• [WORK TO BE COMPLETED]:
If a record holds a picture, leave the picture out and print everything else exactly.

• [STUDY MATERIAL]:
·····

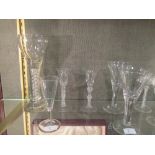A George III air twist wine glass, another similar, a large George III style air twist glass, a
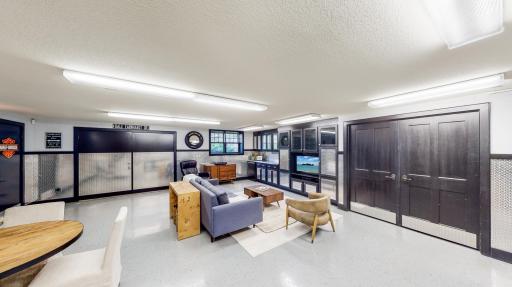 Large finished storage room thru black double doors with commercial air compressor with lines running up to overhead garage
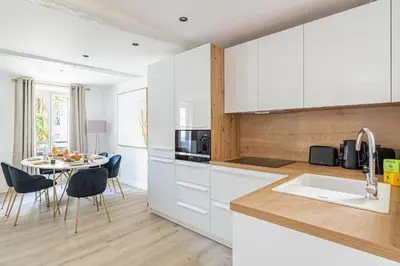 a kitchen with white cabinets and a table with chairs at 15 RIOUFFE - Splendide appartement 6 couchages à 50m à pieds du Palais in Cannes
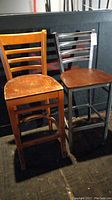 Photo showing both bar stools side by side: the left is solid wood with visible wear, the right is metal framed with wooden seat and metal slatted backrest.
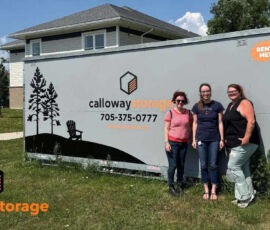 Calloway staff in front of portable storage container with Lighthouse staff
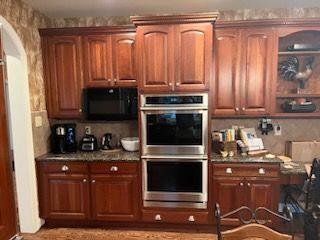 A kitchen with wooden cabinets and stainless steel appliances.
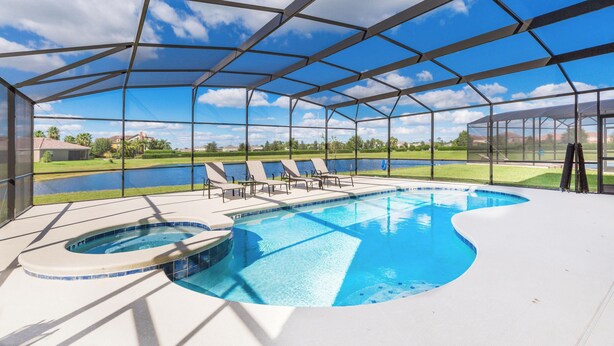 A covered swimming pool with lounge chairs and a hot tub, surrounded by a metal frame and glass panels. - ⛱ Providence Resort - 5★ Golf Community - Lakeview Home – Communal Amenities☀ (Davenport)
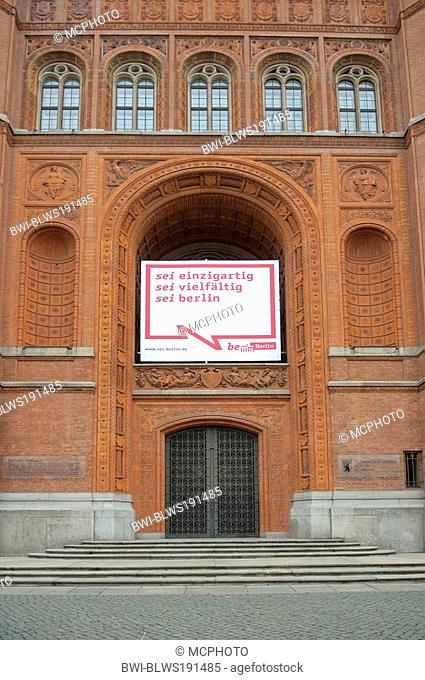 entrance of red town hall with writing: sei einzigartig, sei vielfaeltig, sei Berlin, Germany, Berlin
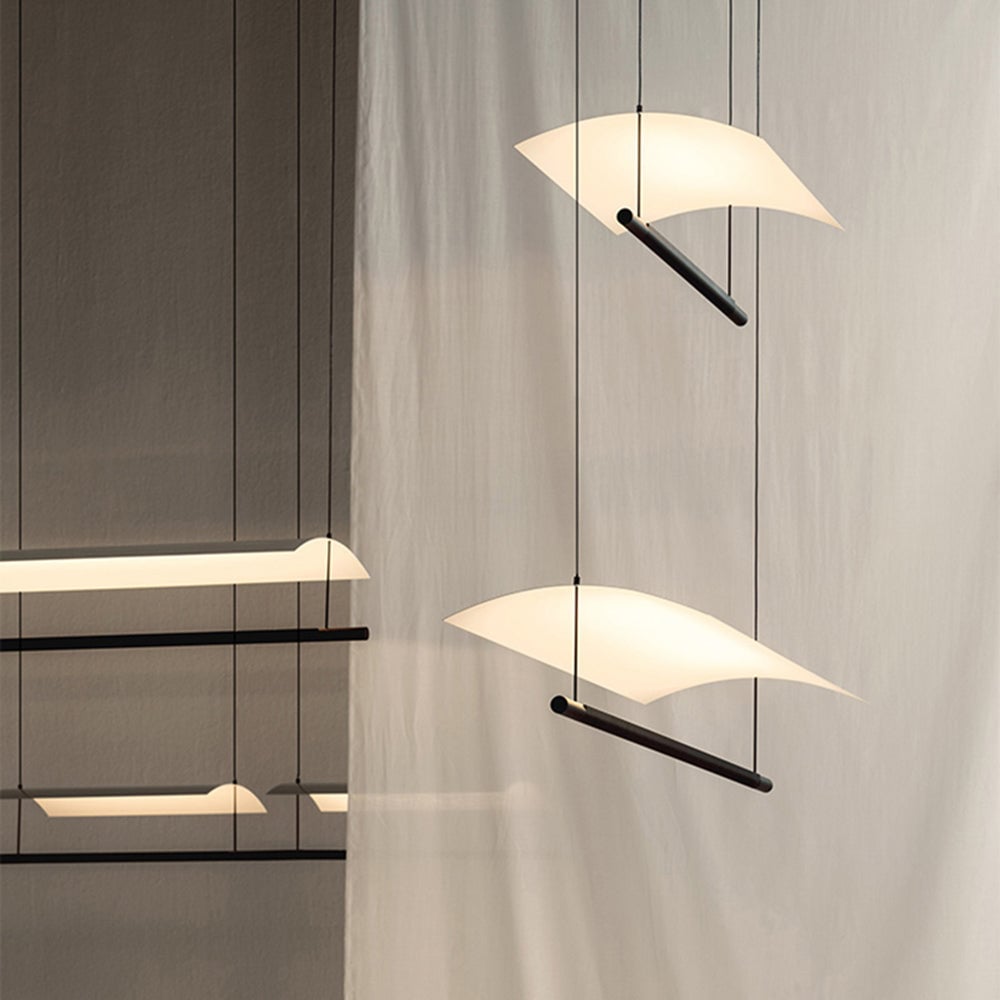 Angled end views of short and long Edge pendants with glowing cream curved shades and black lower bars beside curtains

·····

• [RESPONSE]:
A George III air twist wine glass, another similar, a large George III style air twist glass, a
 Large finished storage room thru black double doors with commercial air compressor with lines running up to overhead garage
 a kitchen with white cabinets and a table with chairs at 15 RIOUFFE - Splendide appartement 6 couchages à 50m à pieds du Palais in Cannes
 Photo showing both bar stools side by side: the left is solid wood with visible wear, the right is metal framed with wooden seat and metal slatted backrest.
 Calloway staff in front of portable storage container with Lighthouse staff
 A kitchen with wooden cabinets and stainless steel appliances.
 A covered swimming pool with lounge chairs and a hot tub, surrounded by a metal frame and glass panels. - ⛱ Providence Resort - 5★ Golf Community - Lakeview Home – Communal Amenities☀ (Davenport)
 entrance of red town hall with writing: sei einzigartig, sei vielfaeltig, sei Berlin, Germany, Berlin
 Angled end views of short and long Edge pendants with glowing cream curved shades and black lower bars beside curtains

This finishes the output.